DynaFLIP:通过三模态动态引导表示重新思考机器人感知
阅读原文· arxiv.orgDynaFLIP 是一个动力学感知的多模态预训练框架,旨在将运动理解能力前置到感知阶段。该框架利用异构的人类与机器人视频构建图像-语言-3D光流三元组作为训练监督信号,以单纯形体积最小化为核心思想,结合余弦正则化与对比学习目标,优化单一图像编码器在共享超球面空间中的对齐。分析表明,该模型能聚焦于对机械臂操作至关重要的控制相关区域。其生成的视觉表示可作为可复用骨干网络,在多种下游策略(包括视觉语言动作模型)中均优于基线。在分布外场景下,性能提升高达 +22.5%。

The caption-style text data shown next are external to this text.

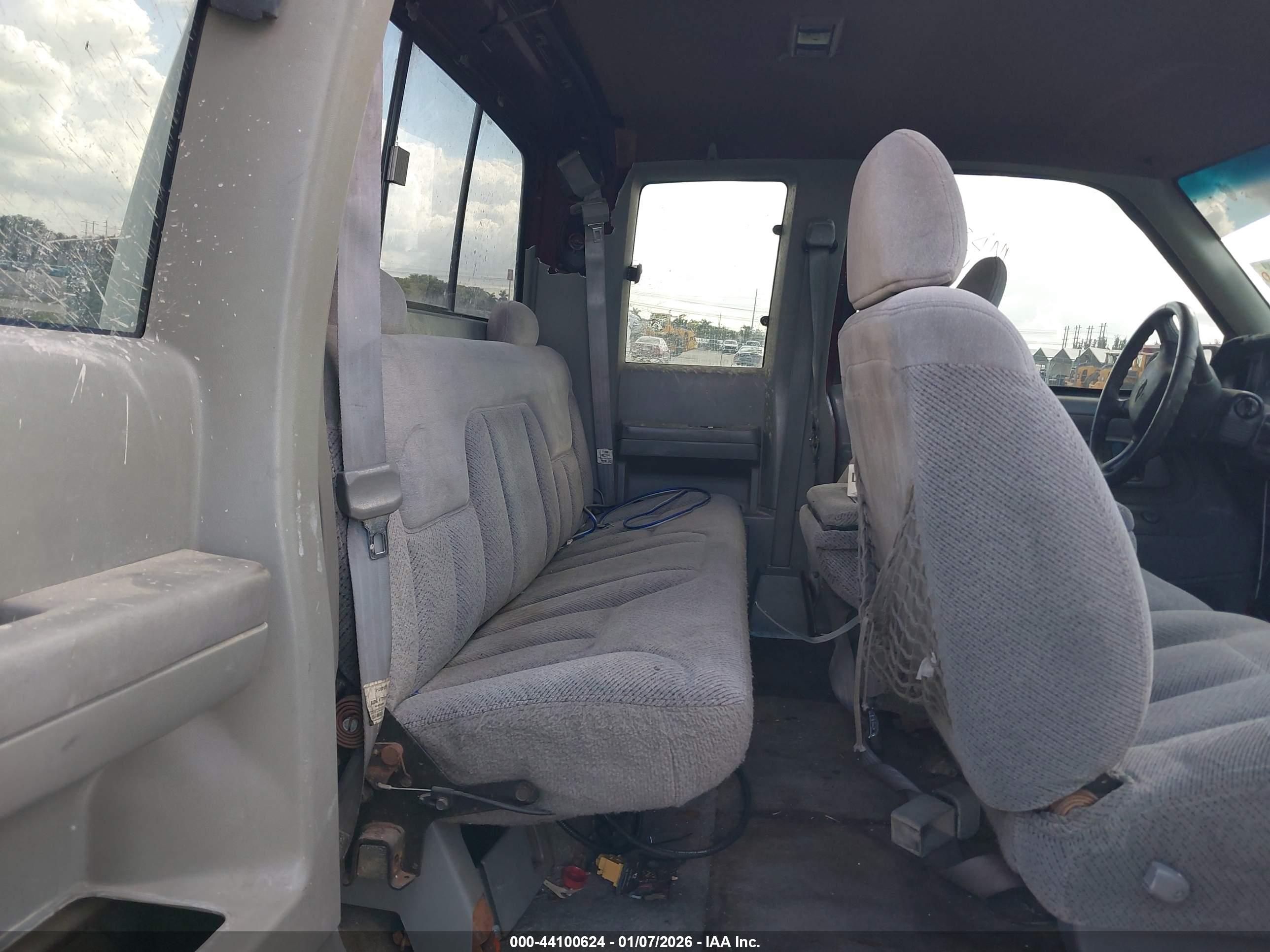 CHEVROLET K1500 image 8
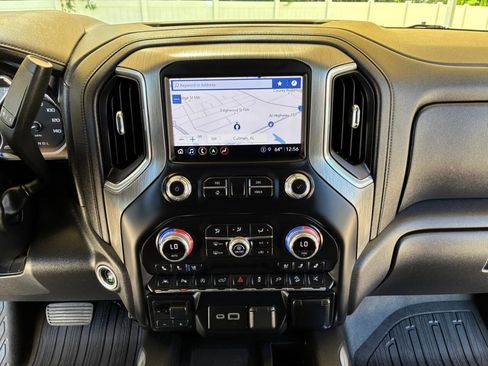 Used 2021 GMC Sierra 1500 Denali w/ Denali Ultimate Package AWD/4WD image 23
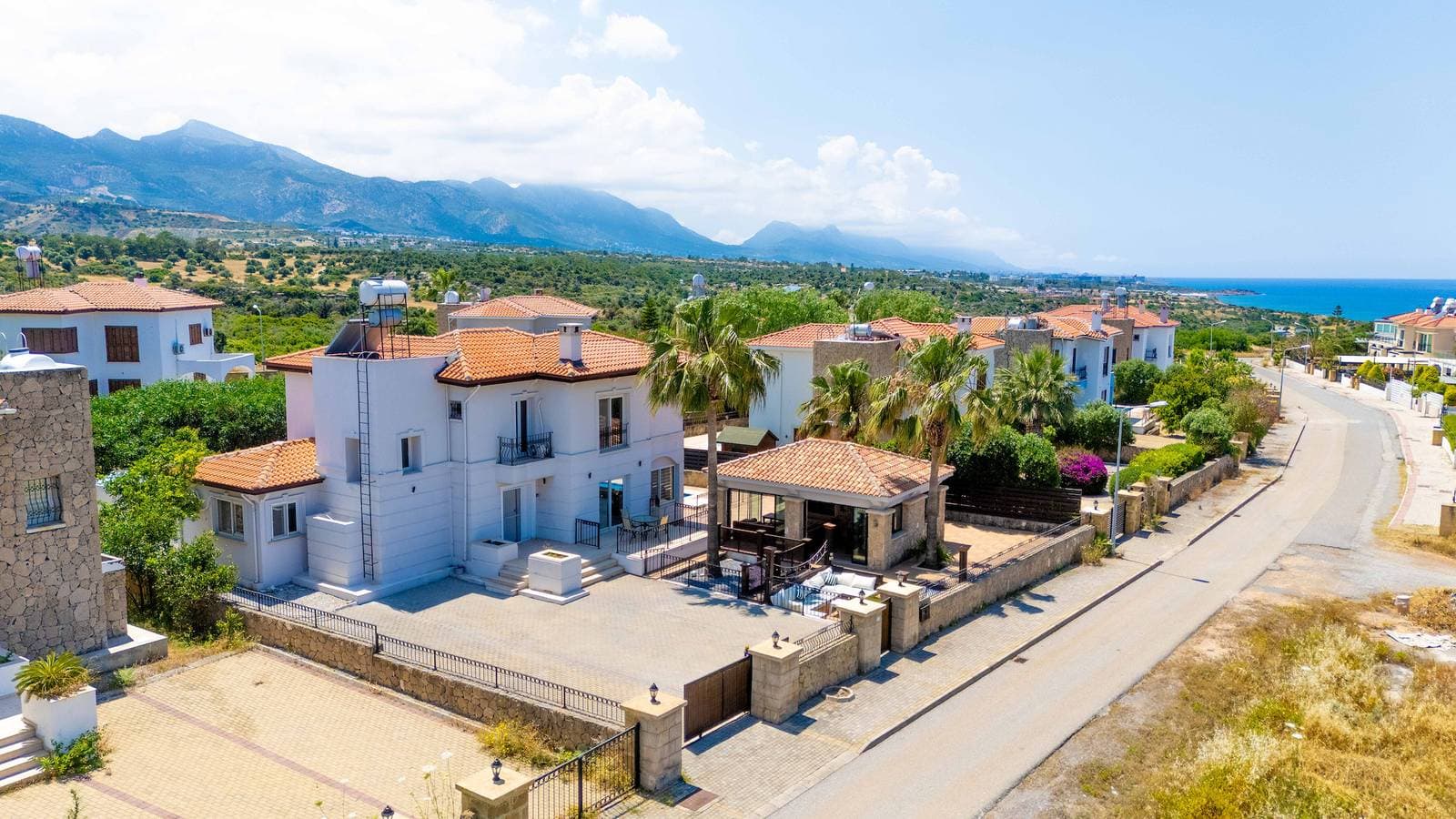 Foto 5 von 7: Barvilla am Pool · Meerblick · Çatalköy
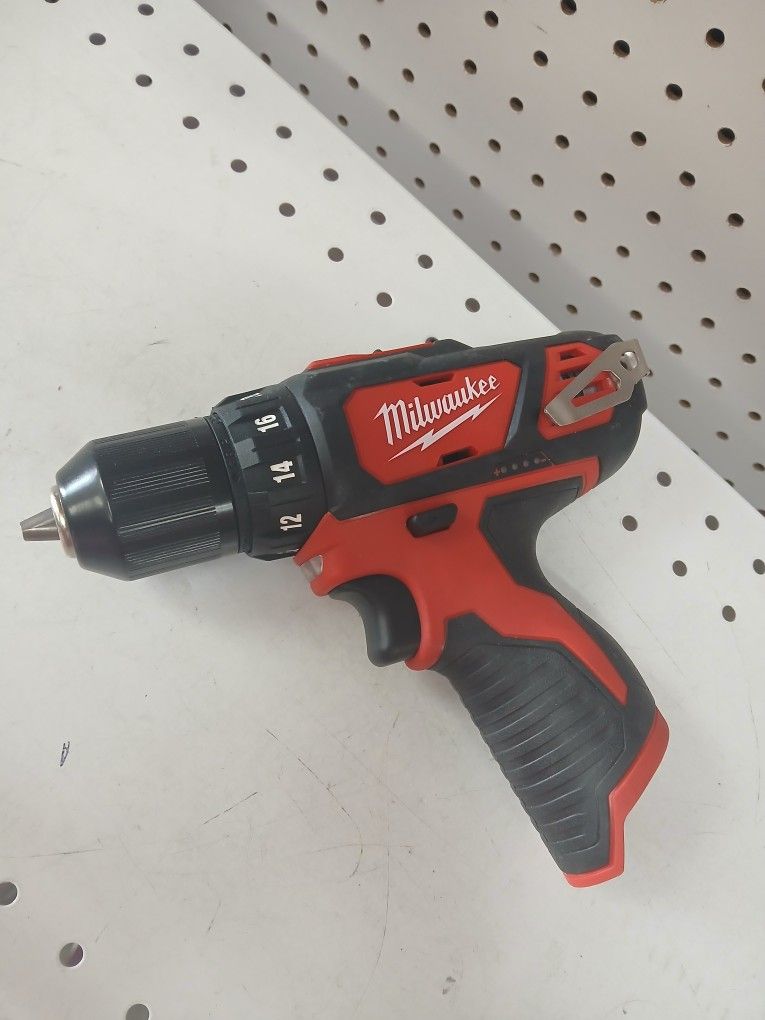 Milwaukee new drill driver 12M nuevo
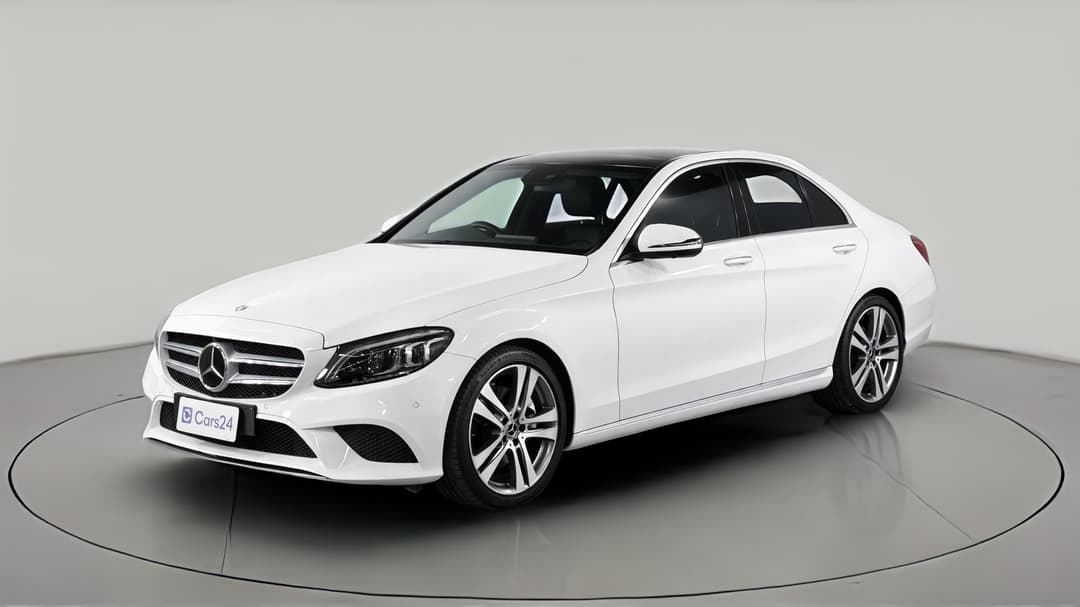 2019 Mercedes-benz C300 C300, Automatic, 58323 km, Left Front Diagonal (45- Degree) View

Robot manipulation critically depends on perception that preserves the action-relevant aspects of a scene. Yet most robot learning pipelines are built upon visual encoders pre-trained for static recognition or vision-language alignment, leaving motion understanding to downstream policies. We introduce DynaFLIP, a dynamics-aware multimodal pre-training framework that pushes motion understanding upstream into perception. We construct image-language-3D flow triplets from heterogeneous human and robot videos, and use these triplets as training-time supervision to shape an image-only encoder. Our key idea is to encourage the three modalities to span a small simplex volume in the shared hyperspherical space -- a smaller simplex volume indicating stronger alignment. To avoid the geometric ambiguity and trivial collapse of naive volume minimization, we combine simplex-volume minimization with a cosine regularizer and a contrastive objective. Our analyses show that DynaFLIP focuses on control-relevant regions critical for manipulation. The resulting dynamics-aware representations serve as reusable visual backbones and consistently outperform baselines across diverse downstream policies, including VLAs. We validate this across diverse simulation and real-world setups, with gains reaching +22.5% under out-of-distribution scenarios. Our results suggest that robot generalization improves when visual representations are trained to encode not just what is present, but how the world changes under action.